━━━ Data for the task

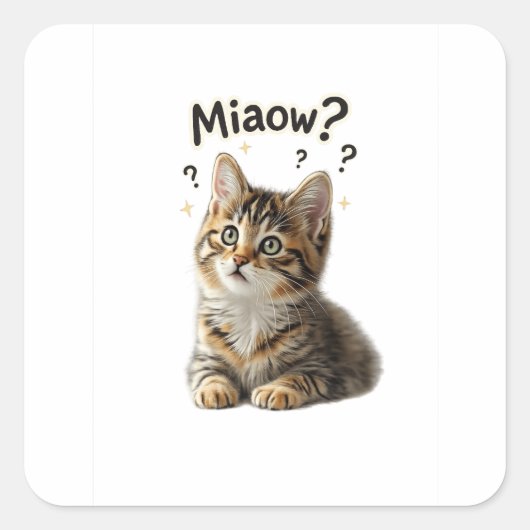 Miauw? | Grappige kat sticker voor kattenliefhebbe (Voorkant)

━━━━━━
━━━ Data for the task

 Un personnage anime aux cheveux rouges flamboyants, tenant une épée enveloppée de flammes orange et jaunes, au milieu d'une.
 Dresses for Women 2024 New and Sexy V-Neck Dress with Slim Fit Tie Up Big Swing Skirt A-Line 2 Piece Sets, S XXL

━━━━━━
━━━ Data for the task

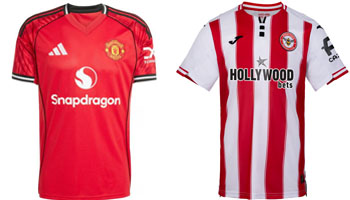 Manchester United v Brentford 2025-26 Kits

━━━━━━

__Your assignment__
Within the listing above, the range opens at the line with "Un personnage anime" and closes at the line with "Dresses for Women". Reproduce exactly the lines of that range, including both ends.

__Solution__
 Un personnage anime aux cheveux rouges flamboyants, tenant une épée enveloppée de flammes orange et jaunes, au milieu d'une.
 Dresses for Women 2024 New and Sexy V-Neck Dress with Slim Fit Tie Up Big Swing Skirt A-Line 2 Piece Sets, S XXL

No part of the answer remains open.